Saut mengingatkan, kondisi ini dapat berdampak apabila capim ini tetap melaju dan memimpin. “Jika pimpinan KPK yang terpilih tidak berintegritas atau memiliki afiliasi partai politik maka hal itu membuat KPK berisiko ditarik pada pusaran politik dan risiko konflik kepentingan saat menangani perkara terkait aktor politik,” ujar Saut.
Peretasan aktivis
Di tengah dukungan menolak revisi UU KPK yang digalang akademisi, pemuka agama, dan masyarakat sipil, diduga diteror melalui peretasan aplikasi pesan singkat seperti whatsapp dan telegram. Beberapa nama yang diretas adalah Dosen Fakultas Ekonomi Bisnis UGM Rimawan Pradiptyo, Direktur PUKAT Zainul Arifin Mochtar, pengajar Sekolah Tinggi Hukum Jentera Bivitri Susanti, hingga grup untuk menggalang dukungan.

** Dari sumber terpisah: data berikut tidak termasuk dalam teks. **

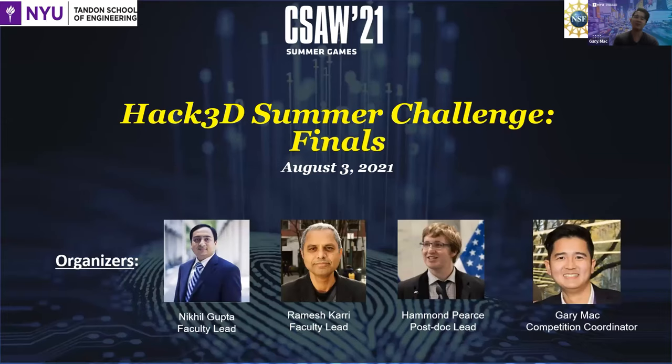Hello everyone. Welcome to the finals of Hack3D, a hackathon competition about security and additive manufacturing organized by New York University, Tandon School of Engineering, and the Center for Cybersecurity. I would like to give special thanks to NSF, the National Science Foundation, for their support on the Hack3D events. I'd also like to acknowledge the following organizers for making Hack3D possible.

Wijayanto selaku Koordinator Aliansi Akademi Nasional Anti Korupsi Universitas Diponegoro mengatakan, para akademisi yang tergabung dalam Whatssap Group Aliansi Akademi Nasional Anti Korupsi Undip mencurigai adanya serangan balik dari kekuatan yang ingin melemahkan KPK.

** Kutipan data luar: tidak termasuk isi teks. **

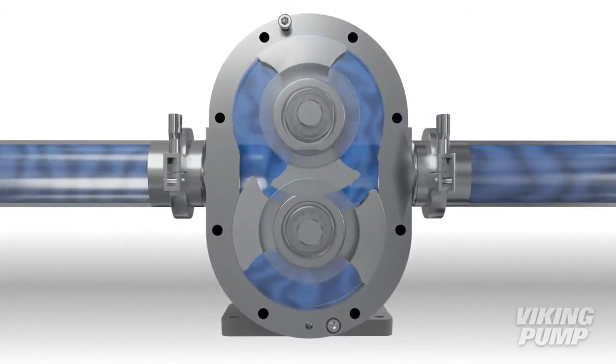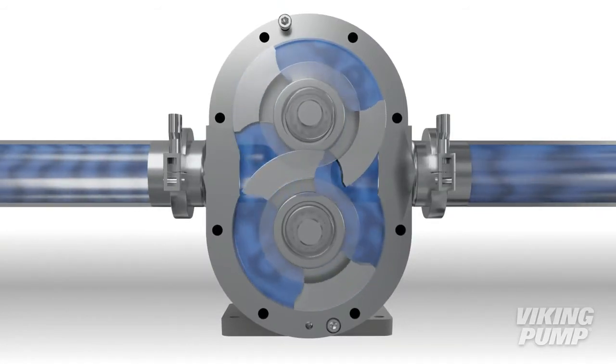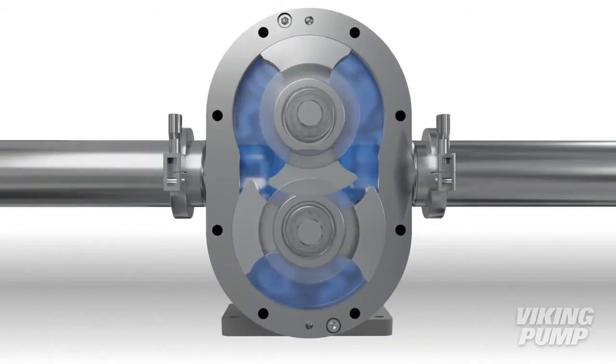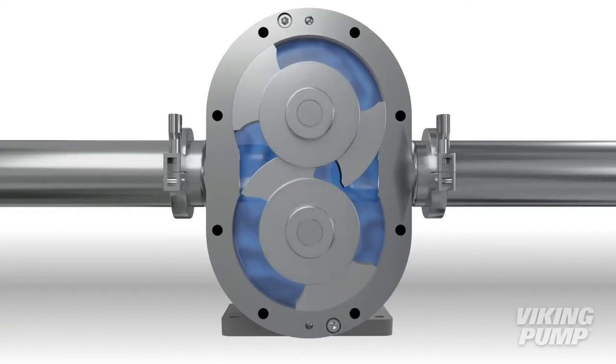Because of the large pumping cavities and non-contacting design, these pumps are ideal for the gentle handling of both thin and viscous liquids and liquids containing large solids. They are designed to be easily cleaned, making them ideal for applications requiring sanitary construction and frequent cleaning.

Wijayanto menjelaskan, grup Aliansi Akademisi Nasional berisi para akademisi dari sekitar 33 universitas. Para akademisi ini merupakan perwakilan atau koordinator dari universitas masing-masing yang mengorganisasi aksi dan penggalangan petisi di kampus masing-masing. Ia mencontohkan, di Universitas Diponegoro berhasil dibuat petisi yang pada 9 September lalu ditandatangi 50 dosen.
“Senin kemarin di FISIP Undip, kami deklarasi hadir wakil rektor, dekan dan ratusan mahasiswa,” katanya.
Namun, sehari terakhir, terjadi kejanggalan di WAG dimulai dari akun seorang akademisi yang diretas. Para anggota grup yang lain juga mulai diretas serta mendapat telepon dari nomor asing di luar negeri yang tidak dikenal. Wija yang mendapat telepon dari nomor ini tidak mendengar suara apa-apa. Airlangga Pribadi, dosen Universitas Airlangga yang tergabung dalam WAG yang sama juga mendapati dirinya ditelepon dengan nomor asing berkali-kali.
“Saya cek ke anggota-anggota WAG, memang banyak yang mengalami. Kami jadi takut diretas,” kata Wija.
Hal ini diantaranya berakibat pada banyak akademisi yang mengundurkan diri dari grup. “Melihat situasi ini, saya berpendapat ini adalah serangan balik dari kekuatan yang ingin melemahkan KPK,” kata Wija.